The second National Nutrition Survey was conducted in the autumn of 1982, but the data of this survey were not published and no information on malnutrition of children could be used. The change of malnutrition prevalence of children under five or six years of ages in China from 1992 to 2013 was showed in Figure 1. After reforming and opening-up and comprehensive development during the recent 30 years or so, China has rapidly achieved modernization and industrialization which has rapidly increased national power, obviously improved household income and resident’s living conditions and nutrition status, and significantly decreased the malnutrition prevalence in preschool children at nationwide.
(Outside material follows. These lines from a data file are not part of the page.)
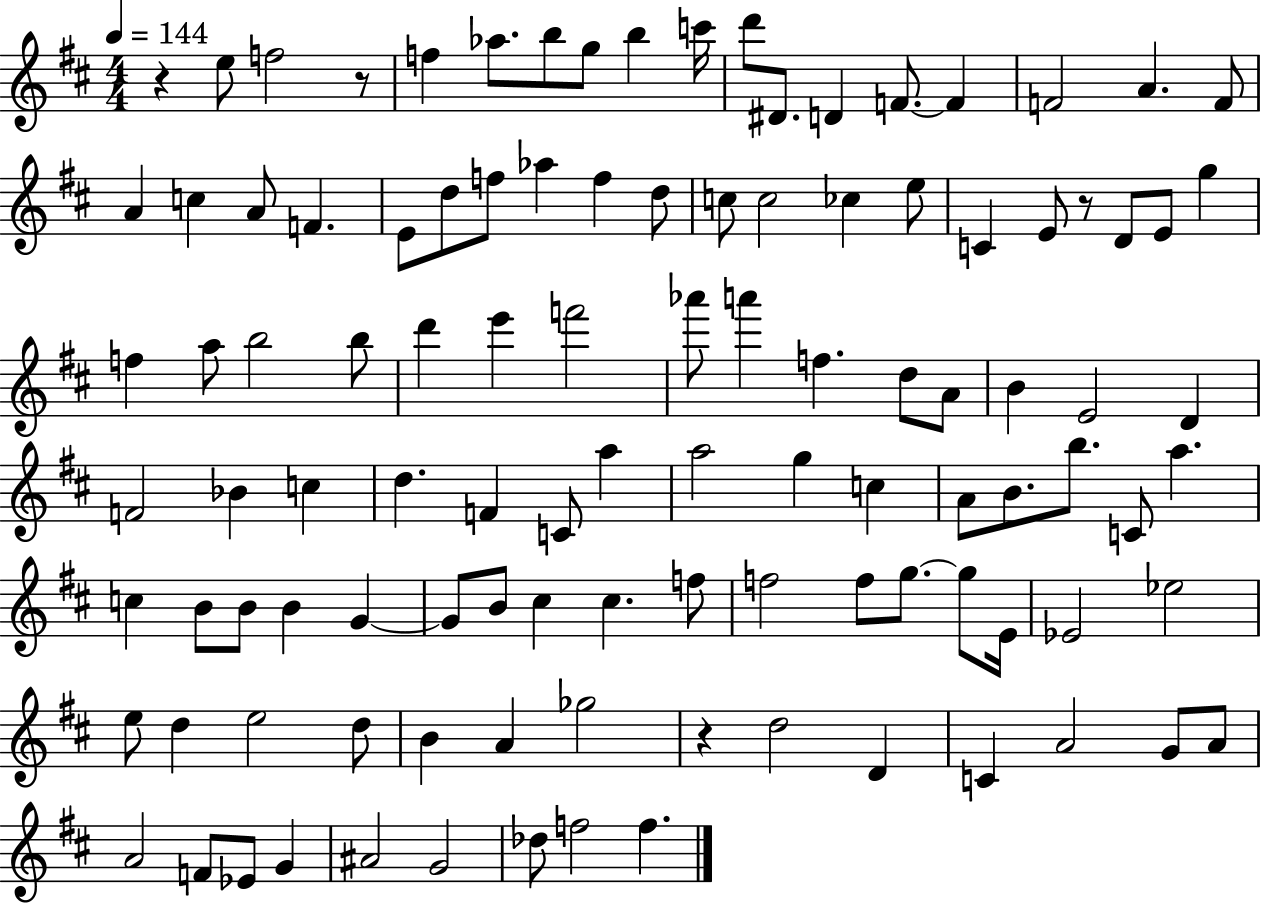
X:1
T:Untitled
M:4/4
L:1/4
K:D
z e/2 f2 z/2 f _a/2 b/2 g/2 b c'/4 d'/2 ^D/2 D F/2 F F2 A F/2 A c A/2 F E/2 d/2 f/2 _a f d/2 c/2 c2 _c e/2 C E/2 z/2 D/2 E/2 g f a/2 b2 b/2 d' e' f'2 _a'/2 a' f d/2 A/2 B E2 D F2 _B c d F C/2 a a2 g c A/2 B/2 b/2 C/2 a c B/2 B/2 B G G/2 B/2 ^c ^c f/2 f2 f/2 g/2 g/2 E/4 _E2 _e2 e/2 d e2 d/2 B A _g2 z d2 D C A2 G/2 A/2 A2 F/2 _E/2 G ^A2 G2 _d/2 f2 f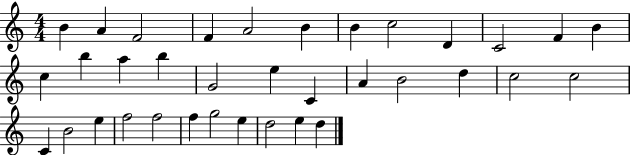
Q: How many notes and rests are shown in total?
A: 35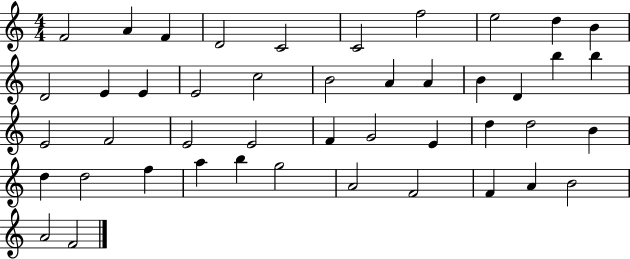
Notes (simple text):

F4/h A4/q F4/q D4/h C4/h C4/h F5/h E5/h D5/q B4/q D4/h E4/q E4/q E4/h C5/h B4/h A4/q A4/q B4/q D4/q B5/q B5/q E4/h F4/h E4/h E4/h F4/q G4/h E4/q D5/q D5/h B4/q D5/q D5/h F5/q A5/q B5/q G5/h A4/h F4/h F4/q A4/q B4/h A4/h F4/h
In 2013, the prevalence of underweight among children under 5 years in China was 2.4th% with an 85% decrease from 1992. The prevalence of stunting was 8.1%, with a 75% decrease from 1992, and the prevalence of wasting was 1.9%, with a 50% decrease from 1992. Prevalence of underweight and stunting among rural children was 3.1% and 11.3%, respectively by 2013. This represented an 84.0% and 67.7% decrease, respectively, from 1992 [19-21]. The prevalence of stunting was higher for children aged 1247 months and the prevalence of underweight was higher for children aged 48~59 months. The prevalence of undernutrition was higher in rural areas than in urban areas, especially in poor rural areas . Figure 2 showed that all these were related to the dietary diversity and quality improvement. For example, even though there was not so much change of protein intake from 1982 to 2013, percentage of protein intake from animal food has been continuously increased, however, the proportion of protein intake from cereals and its product continued to decline during this period.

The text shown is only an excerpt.